* **EXERCISE INSTRUCTIONS**
Using the data below, output a verbatim copy of the lines between the one holding "Vue macro d'une" and the one holding "istock Young businessman", inclusive, without any pictures.
=== Begin Enclosure ===
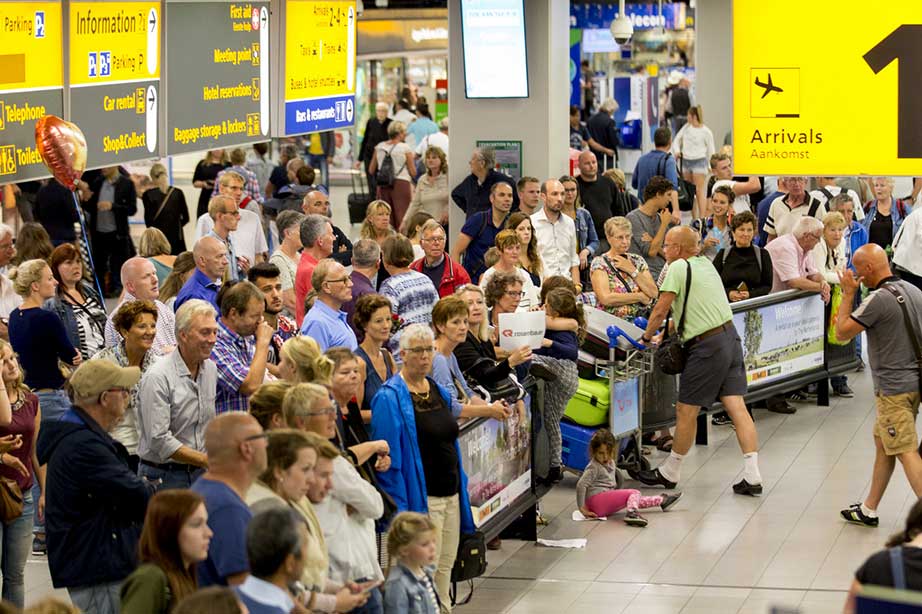 drukte wachtende passagiers bij aankomsthal Schiphol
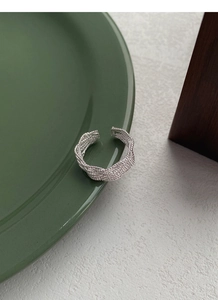 Vue macro d'une bague en argent tressée multicouche sur une assiette vert foncé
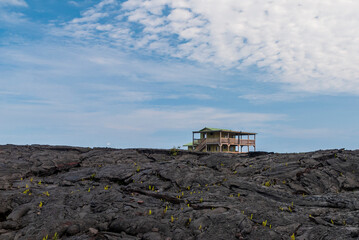 Obraz premium wooden house on the lava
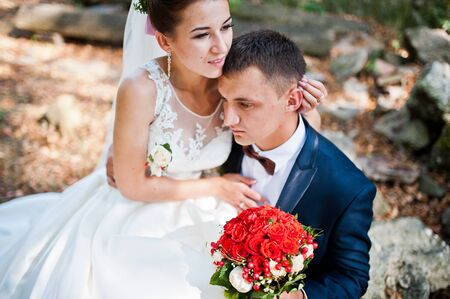 Gorgeous wedding couple at autumn park in loveの写真素材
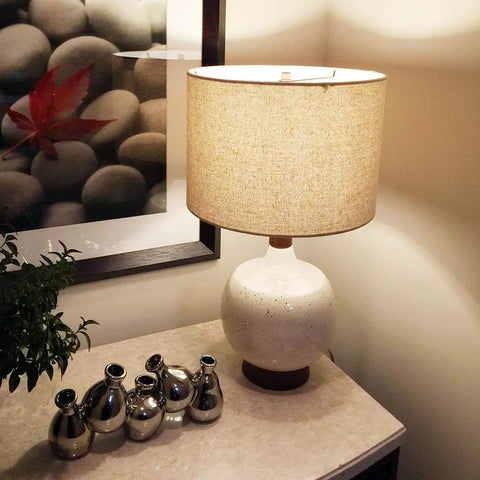 Stylish living room setting with decorative table lamp and modern decor accents next to framed artwork on a side table.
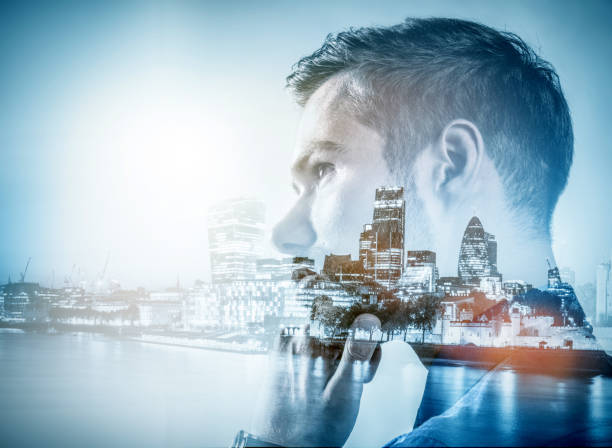 istock Young businessman thinking. Double exposure city background. 916493066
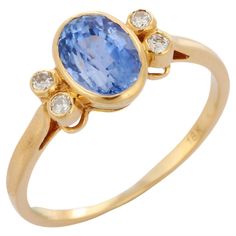 Blue Sapphire ring in 18K Gold which perfectly goes with your personality and also helps you to learning and spiritual healing. Designed with Blue Sapphire in center and diamonds at sides that makes it a perfect fit to wear it on your wedding or style it with any of your basic outfit to give it a glam. PRODUCT DETAILS :- > Material - 18K Solid Yellow Gold > Gemstone - Blue Sapphire > Gemstone Weight - 2.08 ct > Stone Shape - Oval > Stone Size - 8.5 mm > Diamond Weight - 0.11 ct > Diamond pcs - 4 Luxury Yellow Gold Rings With Lab-created Sapphire, Sapphire Diamond Wedding Ring, Sapphire And Diamond Band, Contemporary Engagement Rings, Gold Solitaire Ring, White Gold Sapphire, Blue Sapphire Ring, Wedding Rings Halo, Gold Gemstone Ring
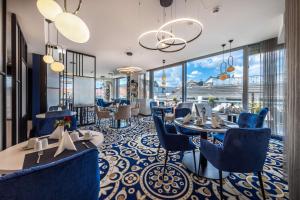 un restaurante con sillas azules, mesas y ventanas en Best Western Premier Royal Blue - Adult only, en Leipzig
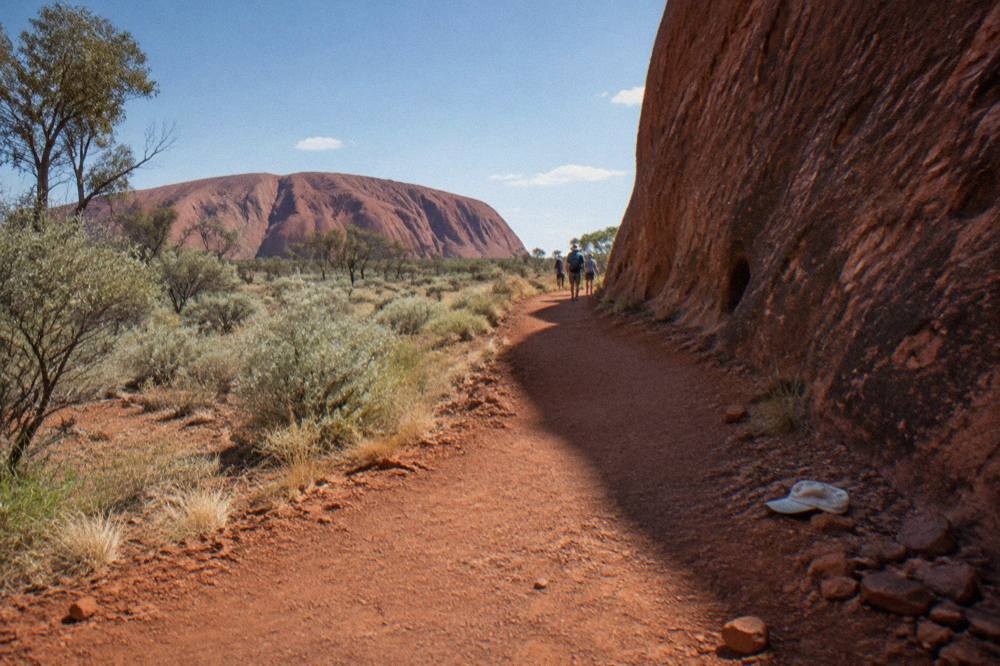 Flat red earth walking path curving alongside the base of a tall rock wall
=== End Enclosure ===
* **OUTPUT OF THE TASK**
 Vue macro d'une bague en argent tressée multicouche sur une assiette vert foncé
 Obraz premium wooden house on the lava
 Gorgeous wedding couple at autumn park in loveの写真素材
 Stylish living room setting with decorative table lamp and modern decor accents next to framed artwork on a side table.
 istock Young businessman thinking. Double exposure city background. 916493066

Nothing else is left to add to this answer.